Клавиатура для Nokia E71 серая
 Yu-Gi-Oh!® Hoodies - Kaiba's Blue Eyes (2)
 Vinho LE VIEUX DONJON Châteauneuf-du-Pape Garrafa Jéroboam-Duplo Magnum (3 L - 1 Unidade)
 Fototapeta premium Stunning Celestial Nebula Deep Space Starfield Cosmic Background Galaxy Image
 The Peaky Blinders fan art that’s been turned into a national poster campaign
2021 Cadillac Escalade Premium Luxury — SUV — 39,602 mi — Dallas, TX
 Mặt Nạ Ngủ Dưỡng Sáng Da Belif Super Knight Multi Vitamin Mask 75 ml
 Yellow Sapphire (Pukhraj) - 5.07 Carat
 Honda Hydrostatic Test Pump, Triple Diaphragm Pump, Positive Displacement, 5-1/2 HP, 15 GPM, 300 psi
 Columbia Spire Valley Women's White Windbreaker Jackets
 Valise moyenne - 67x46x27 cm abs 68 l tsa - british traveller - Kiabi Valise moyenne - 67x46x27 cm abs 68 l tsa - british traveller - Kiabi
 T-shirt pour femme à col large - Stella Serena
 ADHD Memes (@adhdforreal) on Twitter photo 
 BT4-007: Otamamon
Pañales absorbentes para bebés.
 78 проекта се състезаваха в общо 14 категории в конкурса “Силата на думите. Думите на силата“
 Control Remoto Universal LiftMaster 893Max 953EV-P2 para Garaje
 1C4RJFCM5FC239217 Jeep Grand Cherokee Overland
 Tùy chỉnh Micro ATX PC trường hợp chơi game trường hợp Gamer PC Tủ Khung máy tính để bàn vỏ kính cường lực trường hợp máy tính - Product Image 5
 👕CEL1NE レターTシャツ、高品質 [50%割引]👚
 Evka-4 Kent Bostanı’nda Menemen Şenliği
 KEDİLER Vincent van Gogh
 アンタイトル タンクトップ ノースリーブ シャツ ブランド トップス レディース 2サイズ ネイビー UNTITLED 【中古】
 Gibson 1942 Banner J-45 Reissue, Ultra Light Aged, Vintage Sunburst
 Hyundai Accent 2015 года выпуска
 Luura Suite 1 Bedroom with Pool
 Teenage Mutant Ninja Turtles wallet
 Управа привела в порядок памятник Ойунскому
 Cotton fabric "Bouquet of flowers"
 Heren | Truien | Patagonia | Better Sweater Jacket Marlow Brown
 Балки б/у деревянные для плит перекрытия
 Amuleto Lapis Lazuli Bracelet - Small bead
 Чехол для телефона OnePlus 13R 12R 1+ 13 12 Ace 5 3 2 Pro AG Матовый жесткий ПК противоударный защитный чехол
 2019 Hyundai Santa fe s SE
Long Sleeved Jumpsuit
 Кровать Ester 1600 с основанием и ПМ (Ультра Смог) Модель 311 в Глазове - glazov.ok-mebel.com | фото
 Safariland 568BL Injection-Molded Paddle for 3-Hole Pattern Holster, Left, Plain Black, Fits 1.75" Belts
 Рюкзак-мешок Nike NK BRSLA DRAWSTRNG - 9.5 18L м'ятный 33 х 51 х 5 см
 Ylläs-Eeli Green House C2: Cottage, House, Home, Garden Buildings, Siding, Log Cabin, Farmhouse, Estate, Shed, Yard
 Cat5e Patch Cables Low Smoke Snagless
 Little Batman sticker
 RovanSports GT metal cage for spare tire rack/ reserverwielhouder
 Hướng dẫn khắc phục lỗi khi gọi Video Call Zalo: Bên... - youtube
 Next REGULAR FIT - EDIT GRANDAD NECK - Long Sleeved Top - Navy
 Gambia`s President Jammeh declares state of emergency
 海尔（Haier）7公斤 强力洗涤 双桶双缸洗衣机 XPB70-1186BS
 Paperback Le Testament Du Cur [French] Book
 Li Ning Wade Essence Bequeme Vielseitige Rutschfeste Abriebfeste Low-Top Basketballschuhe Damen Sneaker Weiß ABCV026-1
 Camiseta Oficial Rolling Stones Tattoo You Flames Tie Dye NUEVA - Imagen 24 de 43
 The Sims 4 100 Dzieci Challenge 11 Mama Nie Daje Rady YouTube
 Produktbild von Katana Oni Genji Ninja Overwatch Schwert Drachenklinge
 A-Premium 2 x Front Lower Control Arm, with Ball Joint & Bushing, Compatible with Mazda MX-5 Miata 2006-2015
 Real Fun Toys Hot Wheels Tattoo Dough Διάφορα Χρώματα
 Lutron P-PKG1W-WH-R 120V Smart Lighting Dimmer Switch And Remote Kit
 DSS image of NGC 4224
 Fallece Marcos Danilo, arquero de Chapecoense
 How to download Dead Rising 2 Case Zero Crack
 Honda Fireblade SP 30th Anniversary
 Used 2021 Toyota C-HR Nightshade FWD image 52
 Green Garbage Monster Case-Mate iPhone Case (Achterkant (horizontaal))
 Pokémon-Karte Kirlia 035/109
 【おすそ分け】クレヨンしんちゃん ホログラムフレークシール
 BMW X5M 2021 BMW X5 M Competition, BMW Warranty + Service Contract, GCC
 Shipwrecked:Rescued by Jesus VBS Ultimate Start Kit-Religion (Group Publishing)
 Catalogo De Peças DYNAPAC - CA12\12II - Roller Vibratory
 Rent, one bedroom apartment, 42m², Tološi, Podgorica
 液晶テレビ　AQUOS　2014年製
——————————
Please repeat the entries above exactly as they read.

Клавиатура для Nokia E71 серая
 Yu-Gi-Oh!® Hoodies - Kaiba's Blue Eyes (2)
 Vinho LE VIEUX DONJON Châteauneuf-du-Pape Garrafa Jéroboam-Duplo Magnum (3 L - 1 Unidade)
 Fototapeta premium Stunning Celestial Nebula Deep Space Starfield Cosmic Background Galaxy Image
 The Peaky Blinders fan art that’s been turned into a national poster campaign
2021 Cadillac Escalade Premium Luxury — SUV — 39,602 mi — Dallas, TX
 Mặt Nạ Ngủ Dưỡng Sáng Da Belif Super Knight Multi Vitamin Mask 75 ml
 Yellow Sapphire (Pukhraj) - 5.07 Carat
 Honda Hydrostatic Test Pump, Triple Diaphragm Pump, Positive Displacement, 5-1/2 HP, 15 GPM, 300 psi
 Columbia Spire Valley Women's White Windbreaker Jackets
 Valise moyenne - 67x46x27 cm abs 68 l tsa - british traveller - Kiabi Valise moyenne - 67x46x27 cm abs 68 l tsa - british traveller - Kiabi
 T-shirt pour femme à col large - Stella Serena
 ADHD Memes (@adhdforreal) on Twitter photo 
 BT4-007: Otamamon
Pañales absorbentes para bebés.
 78 проекта се състезаваха в общо 14 категории в конкурса “Силата на думите. Думите на силата“
 Control Remoto Universal LiftMaster 893Max 953EV-P2 para Garaje
 1C4RJFCM5FC239217 Jeep Grand Cherokee Overland
 Tùy chỉnh Micro ATX PC trường hợp chơi game trường hợp Gamer PC Tủ Khung máy tính để bàn vỏ kính cường lực trường hợp máy tính - Product Image 5
 👕CEL1NE レターTシャツ、高品質 [50%割引]👚
 Evka-4 Kent Bostanı’nda Menemen Şenliği
 KEDİLER Vincent van Gogh
 アンタイトル タンクトップ ノースリーブ シャツ ブランド トップス レディース 2サイズ ネイビー UNTITLED 【中古】
 Gibson 1942 Banner J-45 Reissue, Ultra Light Aged, Vintage Sunburst
 Hyundai Accent 2015 года выпуска
 Luura Suite 1 Bedroom with Pool
 Teenage Mutant Ninja Turtles wallet
 Управа привела в порядок памятник Ойунскому
 Cotton fabric "Bouquet of flowers"
 Heren | Truien | Patagonia | Better Sweater Jacket Marlow Brown
 Балки б/у деревянные для плит перекрытия
 Amuleto Lapis Lazuli Bracelet - Small bead
 Чехол для телефона OnePlus 13R 12R 1+ 13 12 Ace 5 3 2 Pro AG Матовый жесткий ПК противоударный защитный чехол
 2019 Hyundai Santa fe s SE
Long Sleeved Jumpsuit
 Кровать Ester 1600 с основанием и ПМ (Ультра Смог) Модель 311 в Глазове - glazov.ok-mebel.com | фото
 Safariland 568BL Injection-Molded Paddle for 3-Hole Pattern Holster, Left, Plain Black, Fits 1.75" Belts
 Рюкзак-мешок Nike NK BRSLA DRAWSTRNG - 9.5 18L м'ятный 33 х 51 х 5 см
 Ylläs-Eeli Green House C2: Cottage, House, Home, Garden Buildings, Siding, Log Cabin, Farmhouse, Estate, Shed, Yard
 Cat5e Patch Cables Low Smoke Snagless
 Little Batman sticker
 RovanSports GT metal cage for spare tire rack/ reserverwielhouder
 Hướng dẫn khắc phục lỗi khi gọi Video Call Zalo: Bên... - youtube
 Next REGULAR FIT - EDIT GRANDAD NECK - Long Sleeved Top - Navy
 Gambia`s President Jammeh declares state of emergency
 海尔（Haier）7公斤 强力洗涤 双桶双缸洗衣机 XPB70-1186BS
 Paperback Le Testament Du Cur [French] Book
 Li Ning Wade Essence Bequeme Vielseitige Rutschfeste Abriebfeste Low-Top Basketballschuhe Damen Sneaker Weiß ABCV026-1
 Camiseta Oficial Rolling Stones Tattoo You Flames Tie Dye NUEVA - Imagen 24 de 43
 The Sims 4 100 Dzieci Challenge 11 Mama Nie Daje Rady YouTube
 Produktbild von Katana Oni Genji Ninja Overwatch Schwert Drachenklinge
 A-Premium 2 x Front Lower Control Arm, with Ball Joint & Bushing, Compatible with Mazda MX-5 Miata 2006-2015
 Real Fun Toys Hot Wheels Tattoo Dough Διάφορα Χρώματα
 Lutron P-PKG1W-WH-R 120V Smart Lighting Dimmer Switch And Remote Kit
 DSS image of NGC 4224
 Fallece Marcos Danilo, arquero de Chapecoense
 How to download Dead Rising 2 Case Zero Crack
 Honda Fireblade SP 30th Anniversary
 Used 2021 Toyota C-HR Nightshade FWD image 52
 Green Garbage Monster Case-Mate iPhone Case (Achterkant (horizontaal))
 Pokémon-Karte Kirlia 035/109
 【おすそ分け】クレヨンしんちゃん ホログラムフレークシール
 BMW X5M 2021 BMW X5 M Competition, BMW Warranty + Service Contract, GCC
 Shipwrecked:Rescued by Jesus VBS Ultimate Start Kit-Religion (Group Publishing)
 Catalogo De Peças DYNAPAC - CA12\12II - Roller Vibratory
 Rent, one bedroom apartment, 42m², Tološi, Podgorica
 液晶テレビ　AQUOS　2014年製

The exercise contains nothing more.